Monday, September 08, 2008

Priest ordered to give up seat

The Vatican has ordered an outspoken Bloc Québécois MP to quit his seat in the House of Commons and return to his job as a Roman Catholic priest.

Rev. Raymond Gravel said the decision was due to a backlash in English Canada over his "misinterpreted" comments on abortion, but that he had no choice but to follow his original calling.

"My first mission in life is to be a priest, not to be in politics," he said in an interview.

Father Gravel, 55, is a former prostitute who became a priest in his mid-20s. He worked on behalf of the poor and the elderly after being elected to the House of Commons in a 2006 by-election in the Quebec riding of Repentigny.

He said he recently received a letter from Cardinals Claudio Hummes and William Levada, the Vatican officials responsible for the church's clergy and doctrine of faith, instructing him to quit politics. The package also included letters and articles - mostly in English - condemning Father Gravel's stand on issues such as abortion and homosexuality.

"Every time he said something controversial in the House, there was a group of people who sent letters of complaints here and in Rome," a Canadian church official said. He would not say who wrote the letters.

The official said Father Gravel would have been allowed to stay in the House of Commons had he abided by the church's original conditions, which were to abstain from voting on or debating issues affecting Catholic doctrine.

Father Gravel first made national headlines as a priest in 2003, when he attacked the church's opposition to same-sex marriage. As a Bloc MP, he spoke out against a private-member's bill that would have made it a crime to take the life of a fetus - a bill that was largely seen to be supported by anti-abortionists. And Father Gravel recently called for calm in the wake of the controversy surrounding the awarding of the Order of Canada to Henry Morgentaler.

"I am against abortion, but I am not in favour of the pro-life campaign that condemns all women who get an abortion," he said yesterday.

The Catholic Church has long struggled with whether to allow its priests to take on a political role. Pope John Paul II vigorously opposed the "liberation theology" in which Catholic officials collaborated with left-wing politicians in Latin and South America.

In 1984, the Vatican also ordered Rev. Robert Ogle to give up his New Democratic Party seat in the House, in a bid to avoid a blurring of lines between the secular and spiritual worlds. Like Father Gravel, Father Ogle chose the priesthood.

"I'm a priest and I made it very clear when I was first nominated that I was a Catholic priest and that if I couldn't be a priest in this role that I was assuming I would leave that role," Father Ogle said at the time.

One of the newspaper articles the Vatican included in its letter to Father Gravel was written this summer by Rev. Raymond de Souza, a Catholic priest in Kingston, Ont., for The National Post. The article attacked the Bloc MP's views on abortion and the fact Father Gravel used his public post to put these views to the public.

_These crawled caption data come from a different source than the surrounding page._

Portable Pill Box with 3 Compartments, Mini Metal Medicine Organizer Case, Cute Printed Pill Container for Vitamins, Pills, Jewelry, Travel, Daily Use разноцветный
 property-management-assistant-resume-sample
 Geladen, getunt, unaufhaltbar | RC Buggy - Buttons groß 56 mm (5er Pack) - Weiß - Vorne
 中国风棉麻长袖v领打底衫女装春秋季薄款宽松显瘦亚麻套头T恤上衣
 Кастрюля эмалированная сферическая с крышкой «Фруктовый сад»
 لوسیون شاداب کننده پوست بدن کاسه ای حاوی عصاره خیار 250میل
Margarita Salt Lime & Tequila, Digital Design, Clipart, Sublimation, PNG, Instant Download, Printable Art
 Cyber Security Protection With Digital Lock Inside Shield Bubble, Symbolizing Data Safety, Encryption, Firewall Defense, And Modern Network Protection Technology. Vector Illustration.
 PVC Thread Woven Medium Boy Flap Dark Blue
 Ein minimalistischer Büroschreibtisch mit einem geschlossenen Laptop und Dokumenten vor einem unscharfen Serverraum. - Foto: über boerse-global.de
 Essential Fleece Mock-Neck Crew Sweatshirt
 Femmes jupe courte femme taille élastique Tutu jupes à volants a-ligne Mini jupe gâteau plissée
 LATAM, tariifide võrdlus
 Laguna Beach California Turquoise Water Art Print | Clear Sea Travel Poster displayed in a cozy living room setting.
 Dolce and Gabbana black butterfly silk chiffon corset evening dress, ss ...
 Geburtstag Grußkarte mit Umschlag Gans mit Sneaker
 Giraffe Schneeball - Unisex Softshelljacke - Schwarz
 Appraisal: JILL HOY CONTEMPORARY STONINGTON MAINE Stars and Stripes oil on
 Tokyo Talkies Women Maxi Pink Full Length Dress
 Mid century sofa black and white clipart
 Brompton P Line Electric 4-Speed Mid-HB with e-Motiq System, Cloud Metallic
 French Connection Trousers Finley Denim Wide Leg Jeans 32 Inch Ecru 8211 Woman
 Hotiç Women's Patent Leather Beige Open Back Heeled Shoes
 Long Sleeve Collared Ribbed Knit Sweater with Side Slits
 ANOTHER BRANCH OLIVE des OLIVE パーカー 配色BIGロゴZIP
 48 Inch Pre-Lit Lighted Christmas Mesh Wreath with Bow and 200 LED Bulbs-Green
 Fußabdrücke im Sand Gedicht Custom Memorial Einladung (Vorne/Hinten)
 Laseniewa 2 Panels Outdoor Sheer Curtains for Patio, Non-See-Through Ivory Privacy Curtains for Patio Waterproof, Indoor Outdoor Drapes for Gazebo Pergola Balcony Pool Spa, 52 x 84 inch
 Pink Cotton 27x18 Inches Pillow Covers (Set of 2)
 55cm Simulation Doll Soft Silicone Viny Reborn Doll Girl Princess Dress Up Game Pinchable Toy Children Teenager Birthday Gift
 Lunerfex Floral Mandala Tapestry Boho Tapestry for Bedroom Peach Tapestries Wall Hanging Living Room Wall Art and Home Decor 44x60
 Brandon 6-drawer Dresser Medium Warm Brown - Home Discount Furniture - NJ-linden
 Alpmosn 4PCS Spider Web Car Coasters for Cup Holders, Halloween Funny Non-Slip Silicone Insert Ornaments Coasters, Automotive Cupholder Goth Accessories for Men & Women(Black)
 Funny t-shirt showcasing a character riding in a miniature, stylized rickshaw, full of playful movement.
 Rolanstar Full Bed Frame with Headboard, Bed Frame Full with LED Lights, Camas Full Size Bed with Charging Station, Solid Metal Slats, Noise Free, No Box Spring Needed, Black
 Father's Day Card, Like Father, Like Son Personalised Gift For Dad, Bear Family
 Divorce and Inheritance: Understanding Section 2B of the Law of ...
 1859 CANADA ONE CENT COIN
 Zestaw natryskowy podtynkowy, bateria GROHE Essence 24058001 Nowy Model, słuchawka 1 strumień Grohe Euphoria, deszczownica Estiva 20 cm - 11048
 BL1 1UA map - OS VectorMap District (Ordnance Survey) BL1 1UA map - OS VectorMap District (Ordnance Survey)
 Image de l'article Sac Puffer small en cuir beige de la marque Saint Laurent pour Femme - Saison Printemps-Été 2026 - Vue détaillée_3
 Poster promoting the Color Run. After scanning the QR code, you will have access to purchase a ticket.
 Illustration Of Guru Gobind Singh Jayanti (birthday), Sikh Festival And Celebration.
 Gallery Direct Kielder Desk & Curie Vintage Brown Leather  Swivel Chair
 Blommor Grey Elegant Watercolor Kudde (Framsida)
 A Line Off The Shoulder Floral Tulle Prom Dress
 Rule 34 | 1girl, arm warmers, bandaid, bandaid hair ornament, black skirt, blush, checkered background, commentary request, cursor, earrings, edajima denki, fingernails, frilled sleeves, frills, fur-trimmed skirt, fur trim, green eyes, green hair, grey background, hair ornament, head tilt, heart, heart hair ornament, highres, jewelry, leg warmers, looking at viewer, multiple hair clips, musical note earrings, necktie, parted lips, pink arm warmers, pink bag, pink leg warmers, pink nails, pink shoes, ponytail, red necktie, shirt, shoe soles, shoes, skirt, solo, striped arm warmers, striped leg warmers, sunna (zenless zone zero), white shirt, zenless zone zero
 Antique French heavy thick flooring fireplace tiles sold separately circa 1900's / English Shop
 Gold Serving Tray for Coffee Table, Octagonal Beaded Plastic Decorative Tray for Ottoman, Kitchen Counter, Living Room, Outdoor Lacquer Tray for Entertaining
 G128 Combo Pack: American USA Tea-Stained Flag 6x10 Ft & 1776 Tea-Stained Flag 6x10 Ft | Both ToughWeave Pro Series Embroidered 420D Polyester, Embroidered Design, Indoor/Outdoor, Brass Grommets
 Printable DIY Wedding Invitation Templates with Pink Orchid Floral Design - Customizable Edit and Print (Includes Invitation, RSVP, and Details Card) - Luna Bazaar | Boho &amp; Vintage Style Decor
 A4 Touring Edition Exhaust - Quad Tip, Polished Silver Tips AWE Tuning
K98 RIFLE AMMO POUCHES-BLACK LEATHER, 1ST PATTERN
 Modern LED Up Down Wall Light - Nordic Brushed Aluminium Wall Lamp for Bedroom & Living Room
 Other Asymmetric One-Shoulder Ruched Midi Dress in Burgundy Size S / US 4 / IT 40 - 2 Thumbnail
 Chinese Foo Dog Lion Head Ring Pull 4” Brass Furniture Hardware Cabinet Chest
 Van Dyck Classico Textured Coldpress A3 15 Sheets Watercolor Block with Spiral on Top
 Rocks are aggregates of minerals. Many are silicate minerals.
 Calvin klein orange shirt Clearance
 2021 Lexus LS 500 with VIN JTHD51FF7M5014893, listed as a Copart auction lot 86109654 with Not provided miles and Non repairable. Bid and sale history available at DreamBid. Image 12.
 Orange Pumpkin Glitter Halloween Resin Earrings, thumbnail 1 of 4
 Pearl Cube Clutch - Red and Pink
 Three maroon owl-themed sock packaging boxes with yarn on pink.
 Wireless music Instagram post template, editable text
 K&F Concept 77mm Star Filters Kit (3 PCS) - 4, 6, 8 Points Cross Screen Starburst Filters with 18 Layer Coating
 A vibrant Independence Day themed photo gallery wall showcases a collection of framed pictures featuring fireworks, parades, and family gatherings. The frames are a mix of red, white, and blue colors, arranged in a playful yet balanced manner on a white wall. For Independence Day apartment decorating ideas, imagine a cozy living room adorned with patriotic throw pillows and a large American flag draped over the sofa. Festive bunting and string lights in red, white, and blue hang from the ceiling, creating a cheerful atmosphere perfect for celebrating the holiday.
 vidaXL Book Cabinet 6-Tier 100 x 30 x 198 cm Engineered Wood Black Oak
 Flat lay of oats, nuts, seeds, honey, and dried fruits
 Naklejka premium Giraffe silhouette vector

"There are occasions when crackpottery is newsworthy in itself - not for the crackpot's argument, but for his identity," Father de Souza wrote. "Gravel is a poseur who has made a very successful career for himself filling a niche that no publicist can resist, namely the Catholic priest who goes about slagging the Church."

After sporadically acting as a male escort in his late teens and early 20s, Father Gravel became a bartender, pursued a degree in theology at the University of Montreal and, at 25, decided his calling in life was to become a priest.

He was also a card-carrying Parti Québécois and Bloc Québécois member and often publicly defended his nationalist views. Even while officiating at mass, he often wore a bright blue stole with a white fleur-de-lys on one side and the cross of Jesus on the other.

As a priest, Father Gravel was a critic of the church's position on same-sex marriage and abortion rights, but he also pointed out that the Church and the Bloc were on the same page when it comes to social programs and poverty.